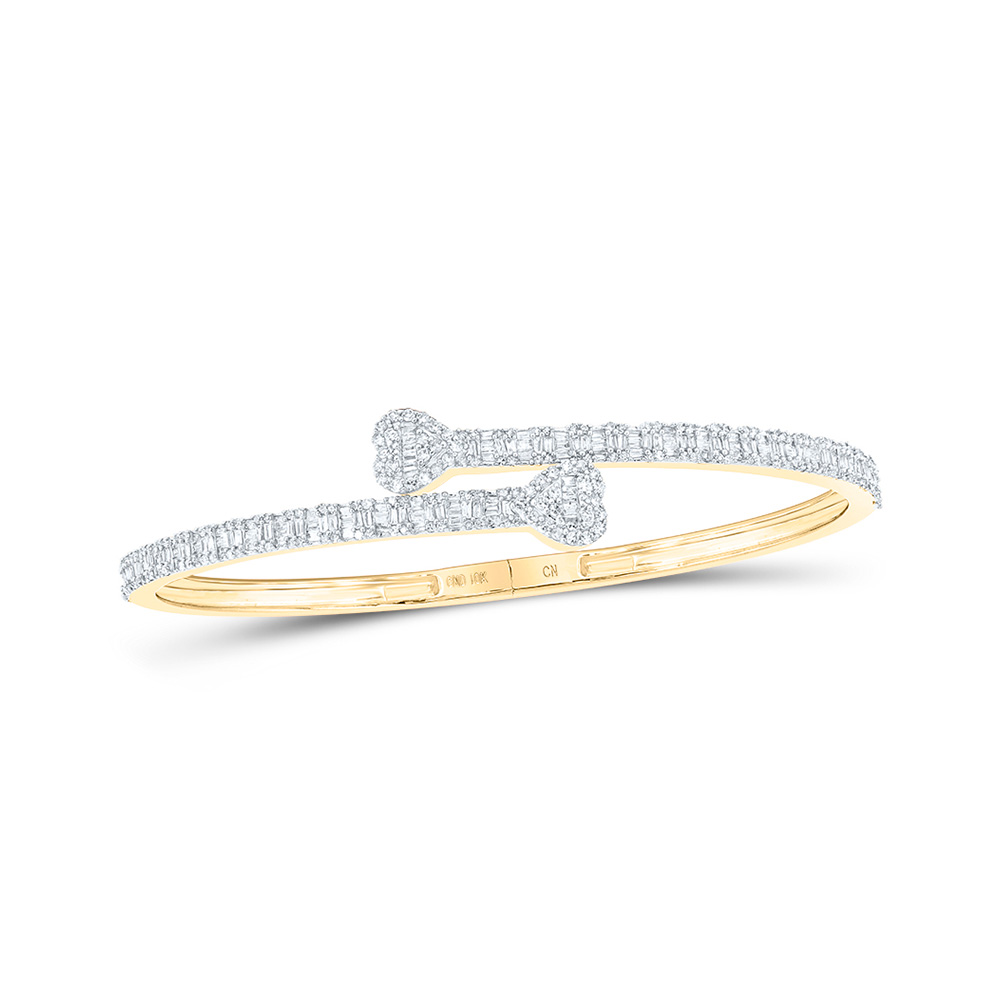 Picture of GND 168182 10K Yellow Gold Baguette Diamond Heart Cuff Bangle Bracelet - 1.5 CTTW
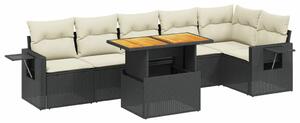VidaXL Polyrattan Kerti Ülőgarnitúra - 7 részes - Fekete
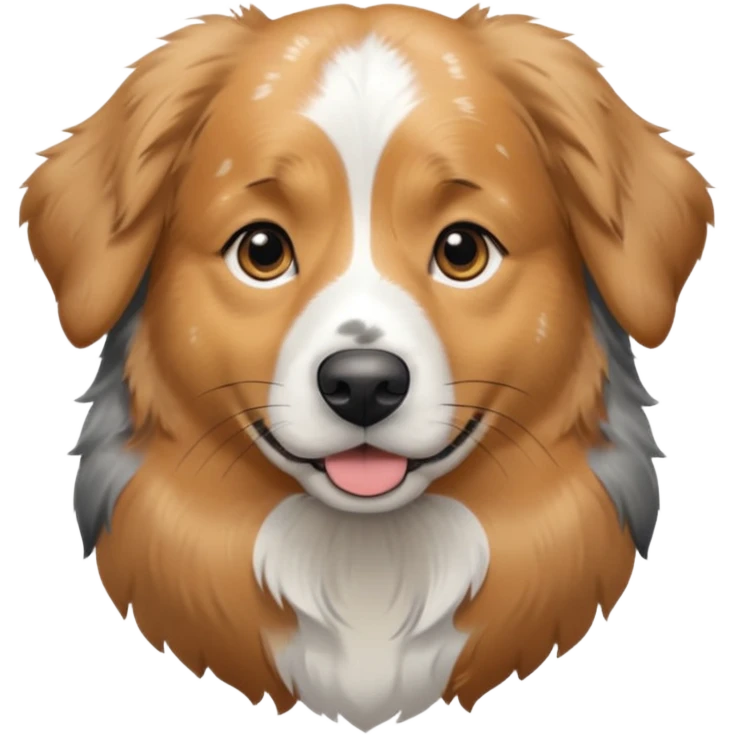 Australian Shepherd golden retriever tan eyebrows  black and speckled grey fur on chest. "No white" emoji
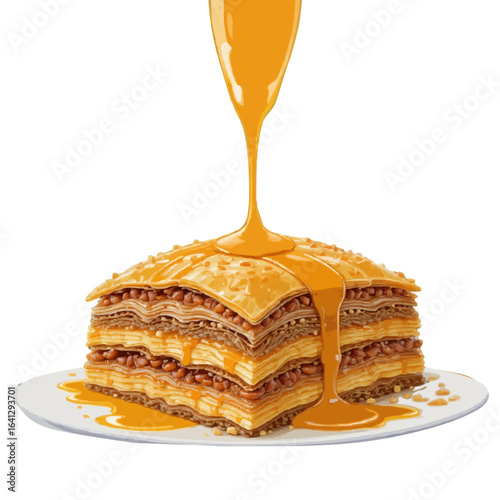 flat style illustration of Turkish baklava pastry with layers of filo dough, nuts, and honey syrup,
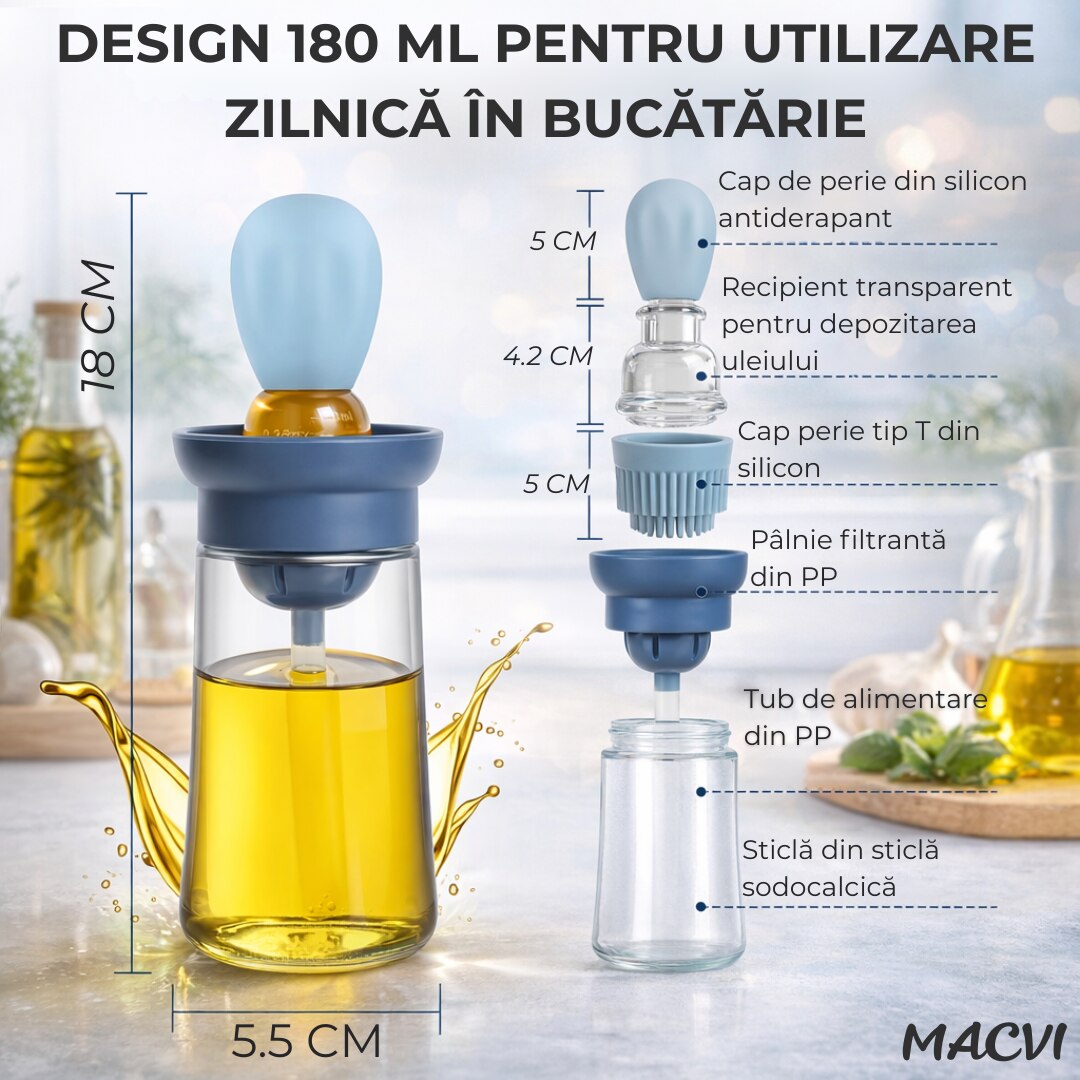 Sticla pentru ulei Macvi® cu pensula din silicon, scala precisa, rezistenta la caldura, usor de curatat, ideala pentru gatit, copt si grill, Multicolor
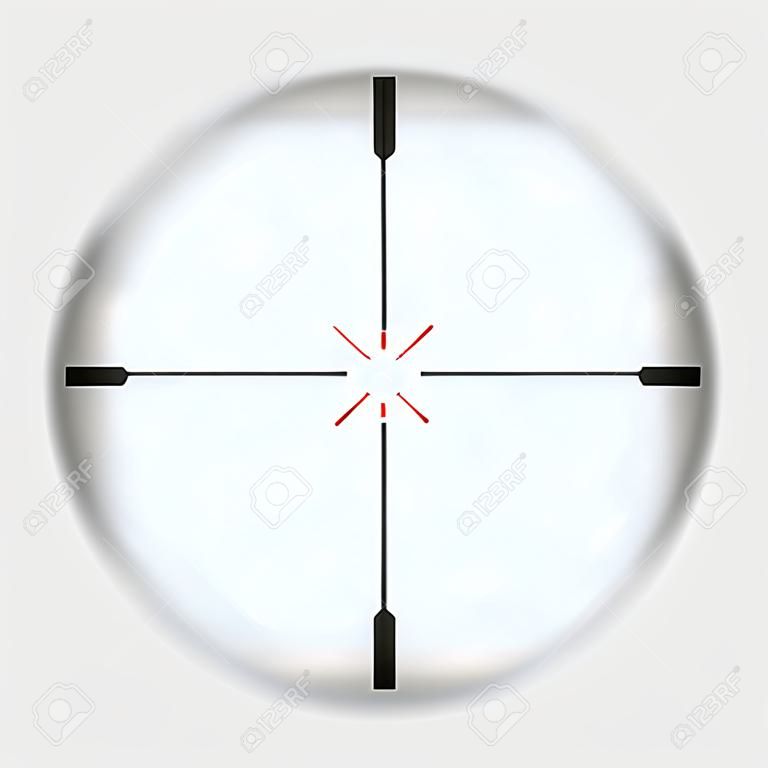 realistic sniper scope crosshairs view. sniper sight with measurement marks. sniper scope template isolated on transparent background. rifle optical sight.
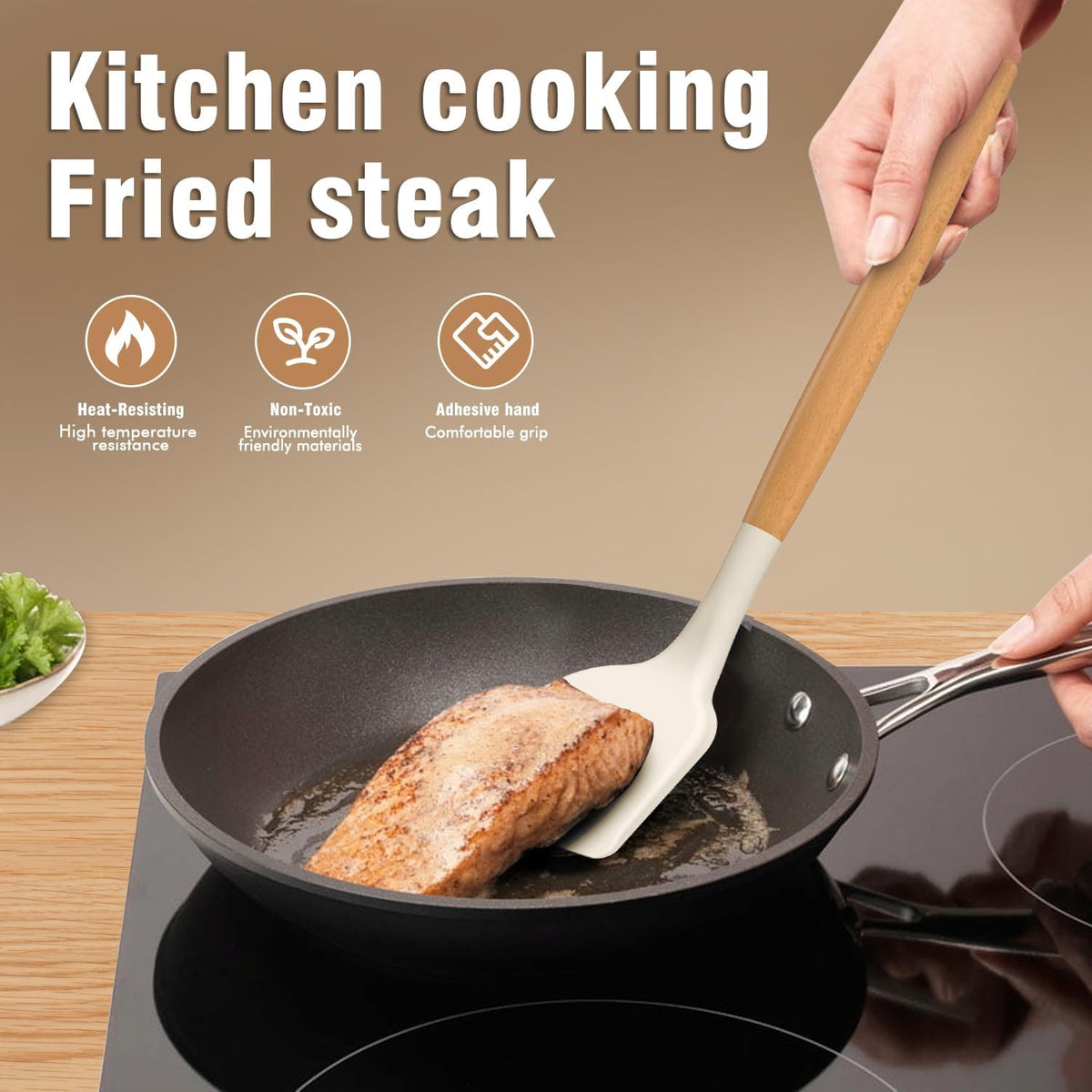 Silicone Cooking Utensils Set - Silicone Kitchen Utensils for Cooking Wooden Handles, 446°F Heat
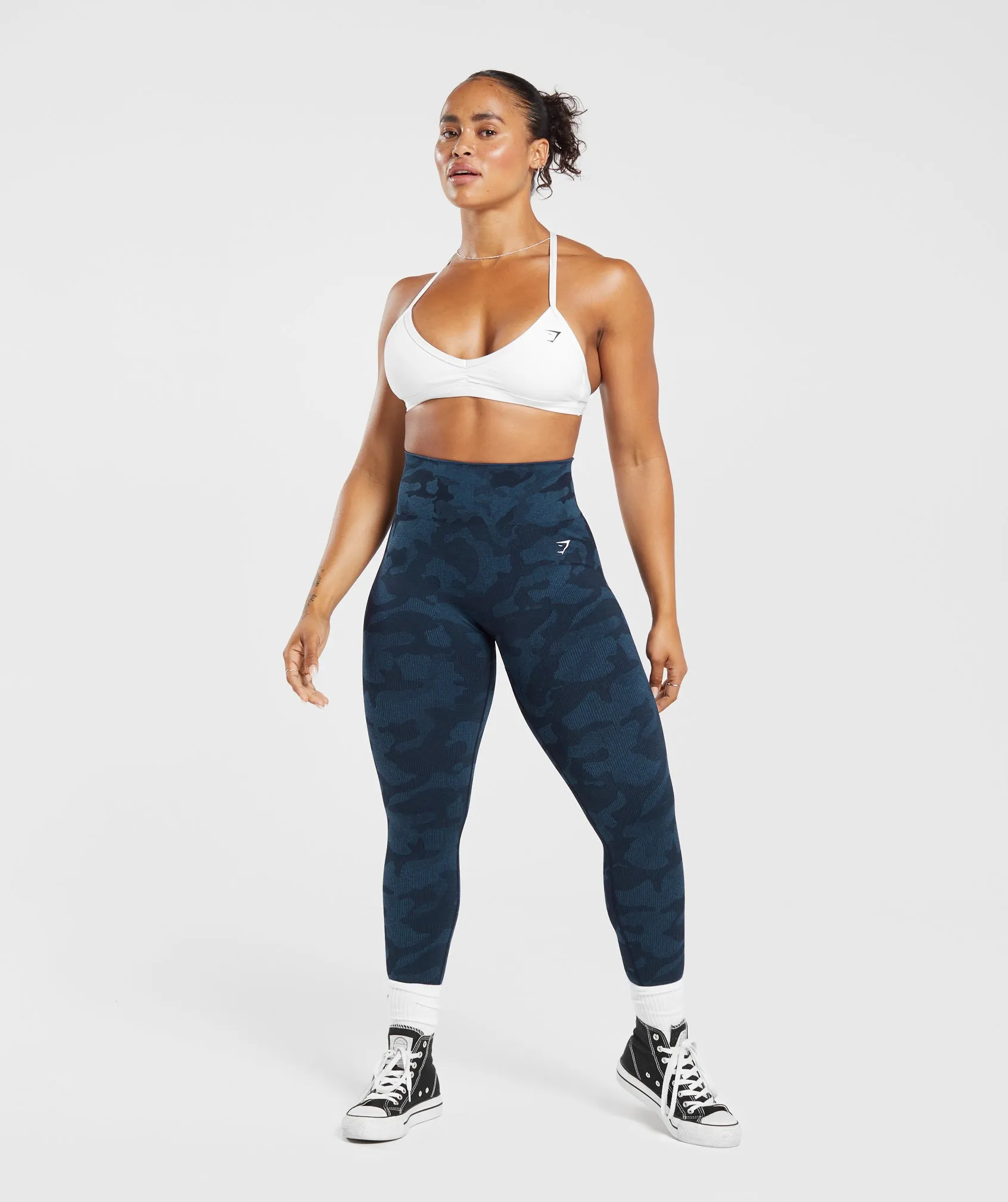 Gymshark Adapt Camo Seamless Ribbed Leggings - Midnight Blue/Ash Blue sold by Gymshark product image thumbnail 4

*What this task involves*: Each entry above should be returned exactly as written, minus its pictures.

*Reply to the task*:
 Picture of GND 168182 10K Yellow Gold Baguette Diamond Heart Cuff Bangle Bracelet - 1.5 CTTW
VidaXL Polyrattan Kerti Ülőgarnitúra - 7 részes - Fekete
 Australian Shepherd golden retriever tan eyebrows  black and speckled grey fur on chest. "No white" emoji
 flat style illustration of Turkish baklava pastry with layers of filo dough, nuts, and honey syrup,
 Sticla pentru ulei Macvi® cu pensula din silicon, scala precisa, rezistenta la caldura, usor de curatat, ideala pentru gatit, copt si grill, Multicolor
 realistic sniper scope crosshairs view. sniper sight with measurement marks. sniper scope template isolated on transparent background. rifle optical sight.
 Silicone Cooking Utensils Set - Silicone Kitchen Utensils for Cooking Wooden Handles, 446°F Heat
 Gymshark Adapt Camo Seamless Ribbed Leggings - Midnight Blue/Ash Blue sold by Gymshark product image thumbnail 4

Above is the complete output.